Música iniciática: Julio Verne y el esoterismo: "Viaje al Centro de la Tierra" de Rick Wakeman

   Hace unos años, la iniciación de la juventud corría de la mano de dos escritores que había que leer velis nolis: Julio Verne y Emilio Salgari. De hecho, quienes me conocen saben que yo distingo dos tipos de personas: las que han leído a Julio Verne y las que no.
   Y es que, aunque las novelas de Verne venían recomendadas bajo la etiqueta de "literatura para adolescentes", hoy sabemos que se trata de obras con varios niveles de lectura, y que en su núcleo más íntimo encierran un notable contenido esotérico (sobre este punto, podéis consultar, para abrir boca los siguientes enlaces: Julio Verne y el masón Capitán Nemo - Entender al Julio Verne esotérico - Julio Verne: Essoterismo e Massoneria - Yo, Julio Verne.)
   Leyéndolas, el joven entraba en un universo peculiar que, partiendo del cientificismo del XIX, construye una "mitología contemporánea", cargada de símbolos entroncados con la tradición oculta, y dirigidos a despertar su conciencia superior. Luego, a lo largo de su vida, el joven  colocado por Verne en el umbral de la iniciación, podía continuar profundizando en ella, o no.
   Pero aquí no vamos a centrarnos en este aspecto de la obra del genial literato francés, sino en una obra musical mítica relacionada con él: el monumental y barroco homenaje que le dedicó Rick Wakeman en su álbum Journey to the Centre of the Earth (1974), uno de los hitos de la historia del rock progresivo (o, como a mí me gusta llamarlo, el rock "metafísico").




   Mientras Rick Wakeman entra en trance en esta versión en vivo de 1975, perdido entre sus teclas y tocando con los dedos todo un mundo de inquietantes armonías, la voz del narrador nos introduce en el extraño mundo de la novela, recreado musicalmente. la historia es bien conocida: el hallazgo de un misterioso manuscrito del alquimista islandés Arne Saknussemm (inspirado en el erudito del siglo XVII Arni Magnússom (1)), encontrado dentro de un incunable por el profesor alemán Otto Lidenbrock, le lleva a él y a su sobrino Axel, acompañados por el guía Hans (un trasunto simbólico de las tres almas platónicas del hombre) a acometer un "descenso a los infiernos", en el curso del cual descubrirán, más que el "centro físico de la tierra", un tesoro de valores mucho más importantes, centrados en el esfuerzo, el sacrificio y la camaradería.

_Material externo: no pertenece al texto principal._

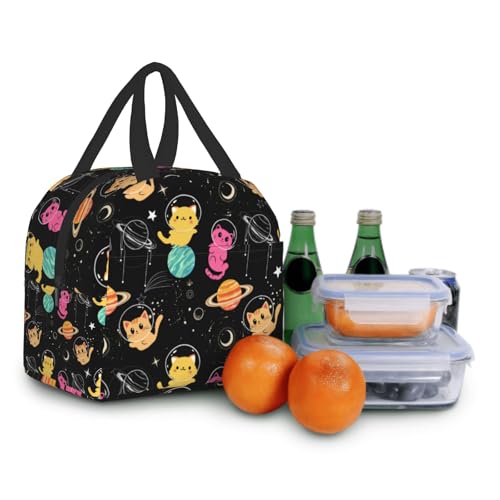 Imiss Space Galaxy Lunch Bag for Kids, Cats Cute Reusable Cooler Insulated Lunch Box Tote Bag for Work Picnic School Travel - color: space cat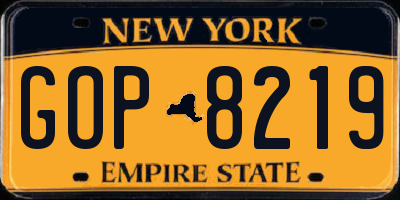 NY license plate GOP8219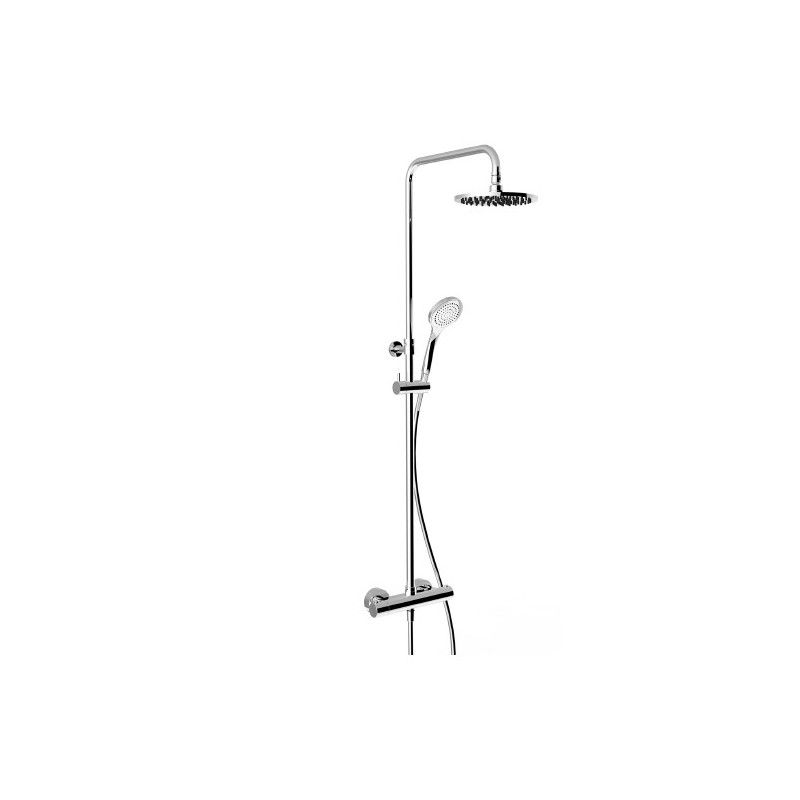 DUSCHSÄULE Wandmontierte Thermostat-Duschsäule, Umsteller, Ø200 Duschkopf, 1,5 m flexibler Schlauch und GESSI-Handbrause GESSI S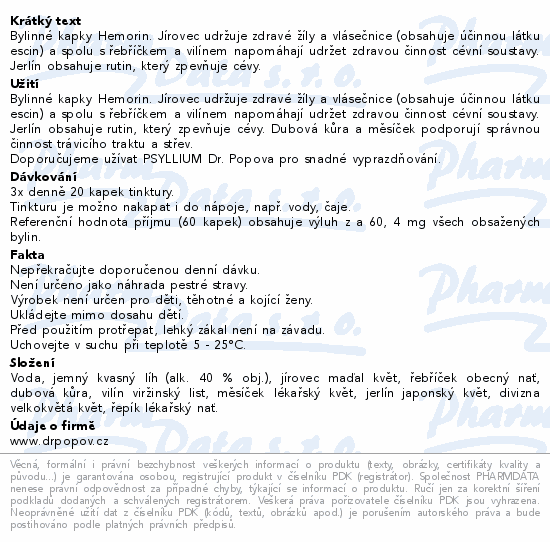 Dr.Popov Kapky bylinné Hemorin 50ml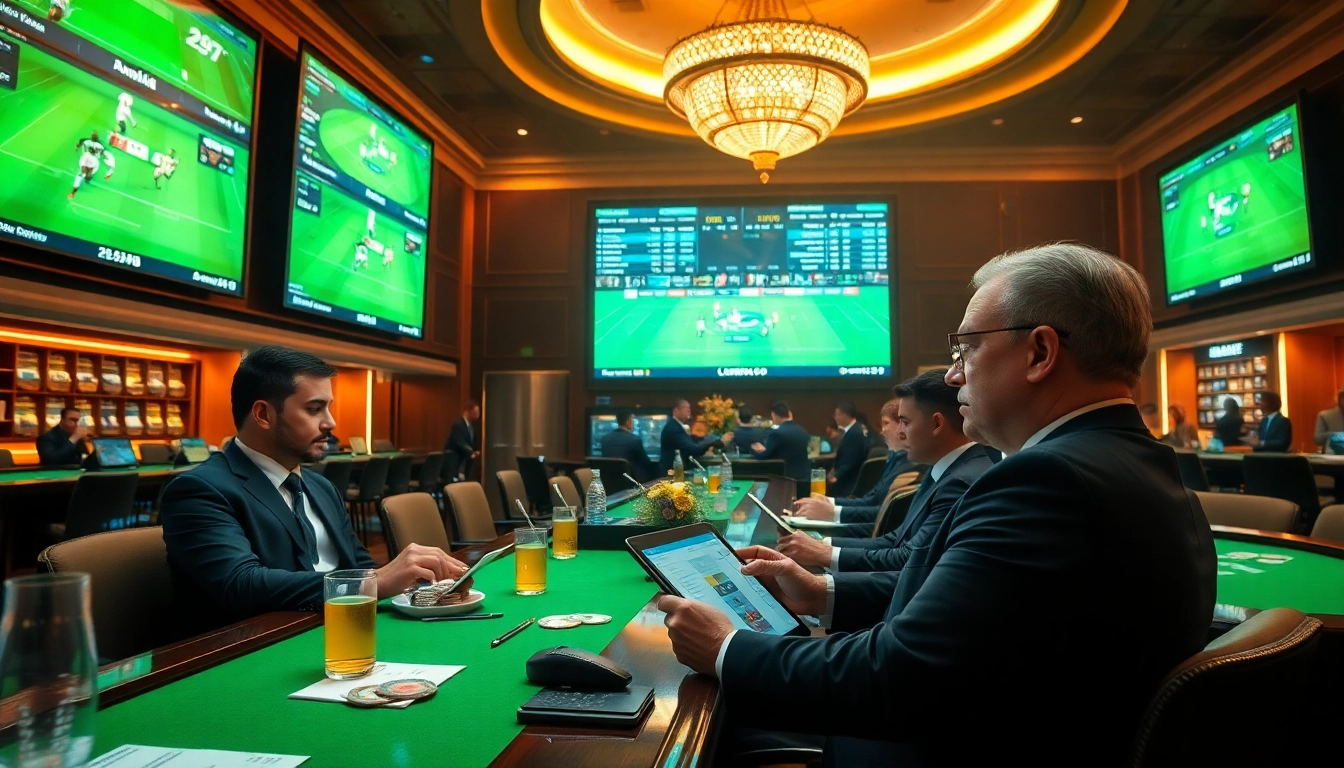 Techniques for sports betting depicted in a vibrant, luxurious sportsbook setting.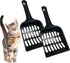 Cat Pellet Scoop (2 Pieces) - Cat Litter Scoop - Black Sieve and Poop Cleaner - Poop Scoop - Pet Litter Box Maintenance - Plastic Shovel - Kitten Scoop for Pine Pellets - Handy Hanging Hole for Quick Storage - 8x3.5inch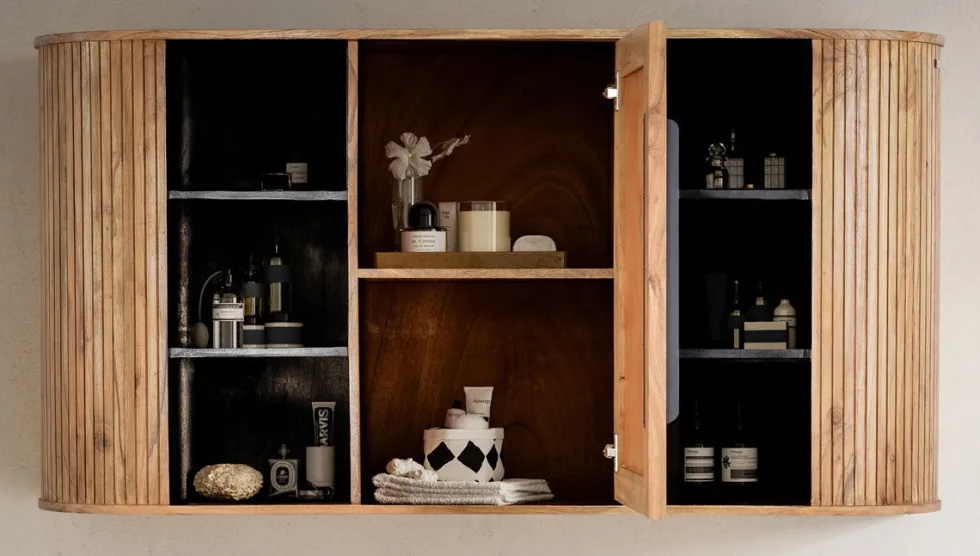 Spiegelschrank 145x75cm 'Atlantic' Akazie massiv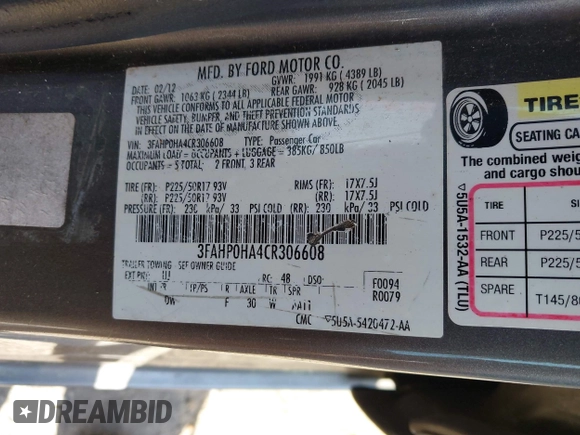 2012 Ford Fusion SE z VIN 3FAHP0HA4CR306608, wystawiony jako IAAI lot #41939924 z przebiegiem 176 689 mil mil oraz . Historia ofert i sprzedaży dostępna na DreamBid. Obrazek 9.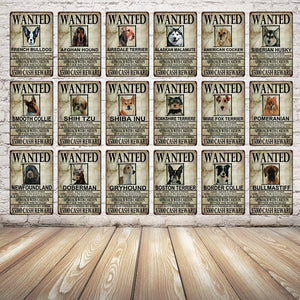 Wanted Wire Fox Terrier Approach With Caution Tin Poster - Series 1-Sign Board-Dogs, Home Decor, Sign Board, Wire Fox Terrier-25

 Parece como si Verne quisiese decirnos que la ciencia moderna, representada por Lidenbrock, no será nunca capaz de aproximarse al "centro" metafísico de la realidad, como sí logró hacerlo el atrevido alquimista medieval que da origen a la trama; por eso, el viaje fracasa: porque, como dice Patrick Harpur en su excelente libro El fuego secreto de los filósofos (2002) , Lidenbrock entiende el mensaje filosófico-alquímico de Saknussemm de una forma literal; y por eso la tierra termina expulsando de su seno a los exploradores por el volcan Stromboli: no eran dignos de la empresa.

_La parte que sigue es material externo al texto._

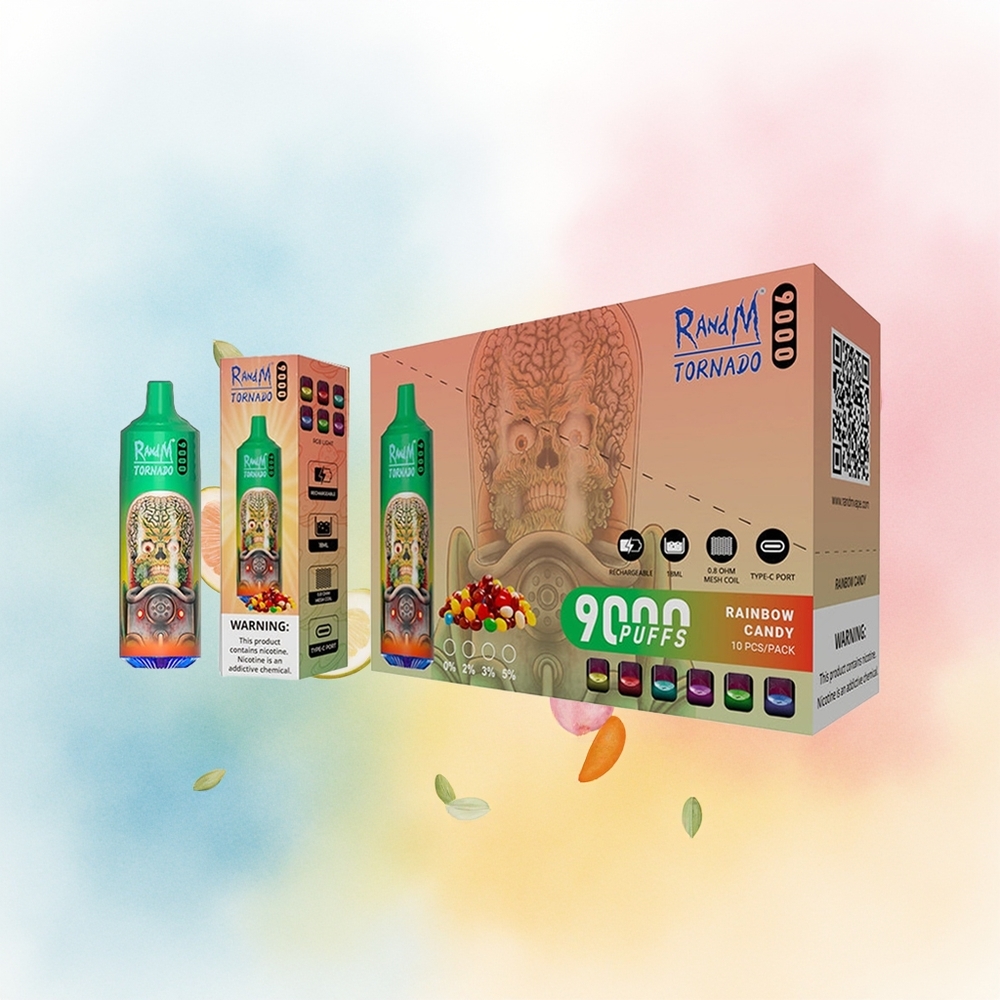 RandM Fumot Tornado 9000 Puffs 18 mL Rainbow Candy (Vaivorykštės Saldainiai) Wholesale Lithuania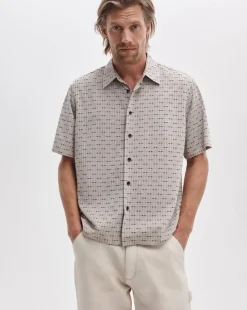 Dalton Short-Sleeve Jacquard Shirt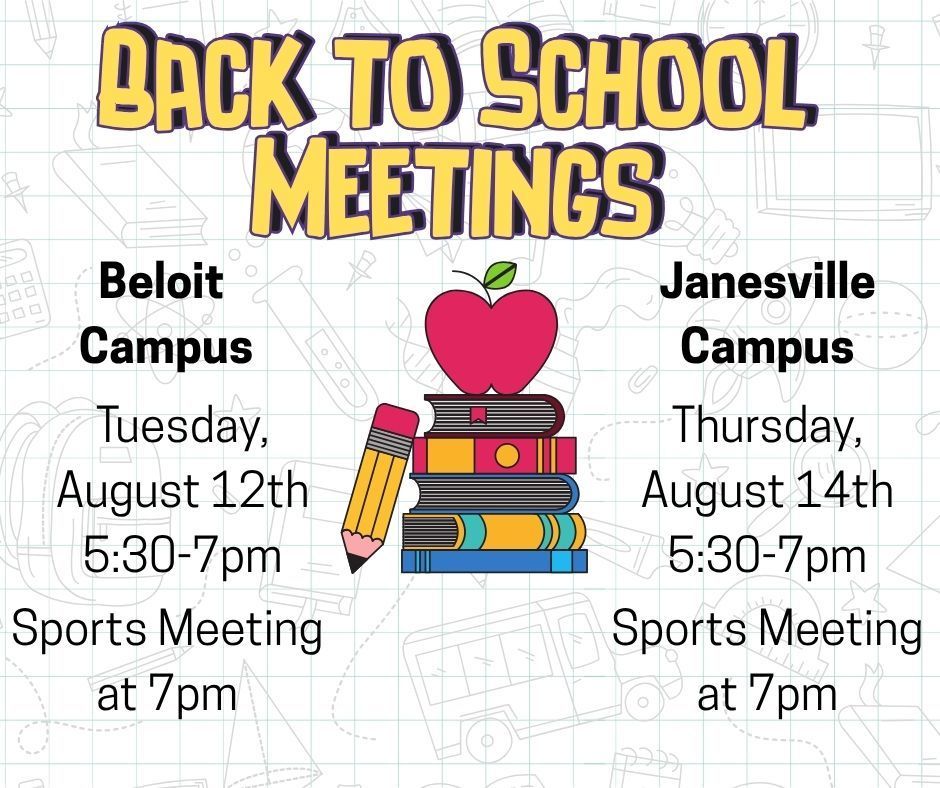 Rock County Christian School Back To School Night information with image of stack of books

  Iniciemos también nosotros, ayudados por Wakeman, un camino diferente. Descendamos al interior de nuestro corazón, y sigamos el sendero alquímico que conduce al descubrimiento de nosotros mismos... Como hizo Saknussemm. Y llevémonos este álbum,, para entonar de paso nuestras ánimas. Puede que esta vez el viaje tenga éxito.

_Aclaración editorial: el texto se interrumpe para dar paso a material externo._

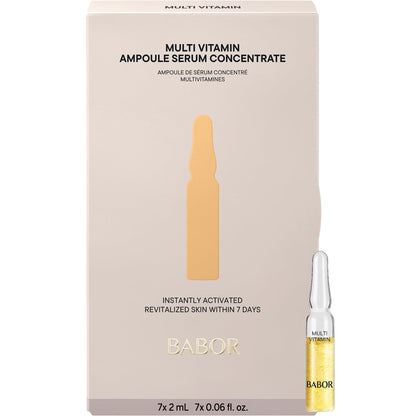 BABOR Multi Vitamin Ampoule Concentrate, Revitalize Dull Tired Skin, Vitamin A Increases Radiance, Vitamin C Evens Tone, Niacinamide Supports Skin Barrier, Vitamin Skincare Capsules, 7 Treatments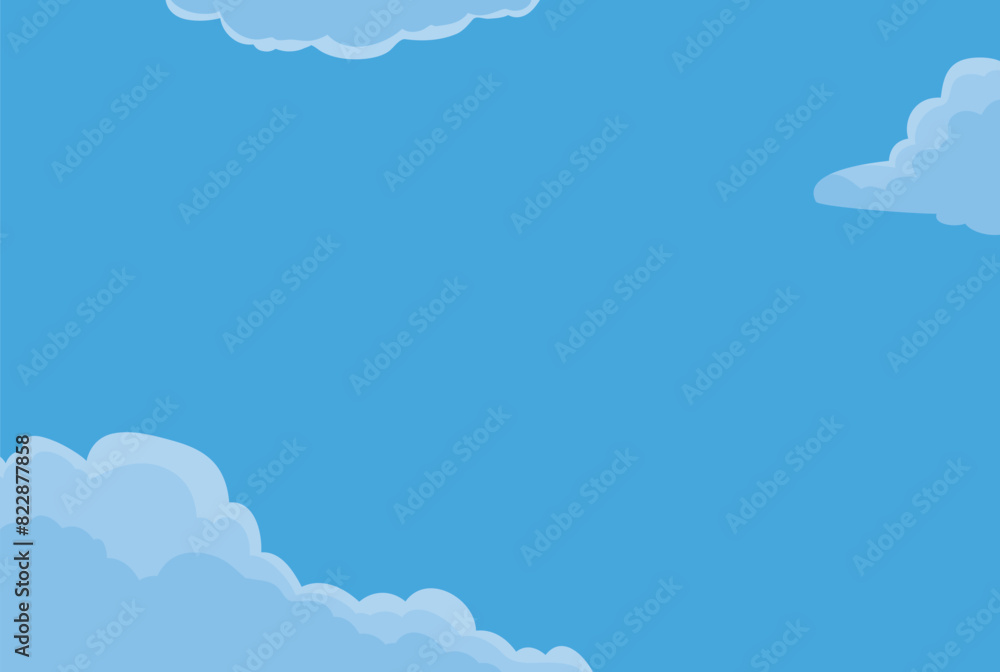 Idylic sky view with some clouds, Vector illustration
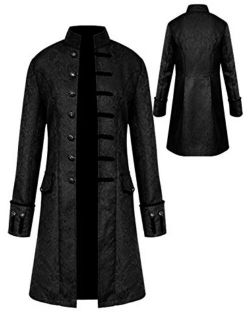 Mens Vintage Tailcoat Jacket Goth Long Steampunk Formal Gothic Victorian Frock Coat Costume for Halloween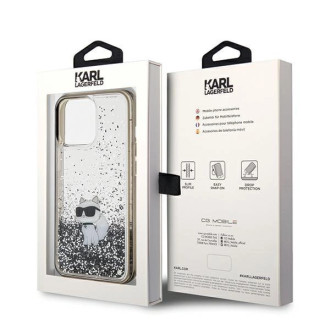 Pouzdro Karl Lagerfeld Liquid Glitter Choupette pro iPhone 13 Pro Max - průhledné
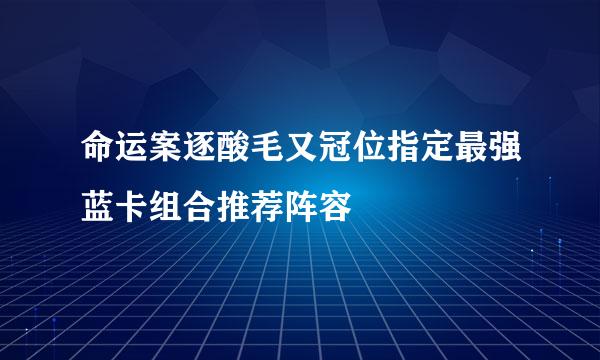 命运案逐酸毛又冠位指定最强蓝卡组合推荐阵容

(1) Serge Hutin, en su libro Las civlizaciones desconocidas (Plaza & Janés, Barcelona, 1980, p. 134), parece dar por segura la existencia de Saknussemm; nos dice: "Arne Saknusemm, alquista islandés del siglo XVI, consideraba Islandia como el vestigio del continente desaparecido [de Hiperbórea, o la Atlántida]. Saknussemm expresa, por otra parte, una idea bastante ciuriosa: considerando que los formidables fenómenos volcánicos que hundieron la Atlántida mezclaron caóticamente todas las tierras convulsionadas, el único emplazamiento donde habría posibilidad de encontrar ruinas atlantes sería... el centro de la Tierra. El alquimista islandés conocía, al menos así lo pretende la tradición, el camino que conducía hasta allí."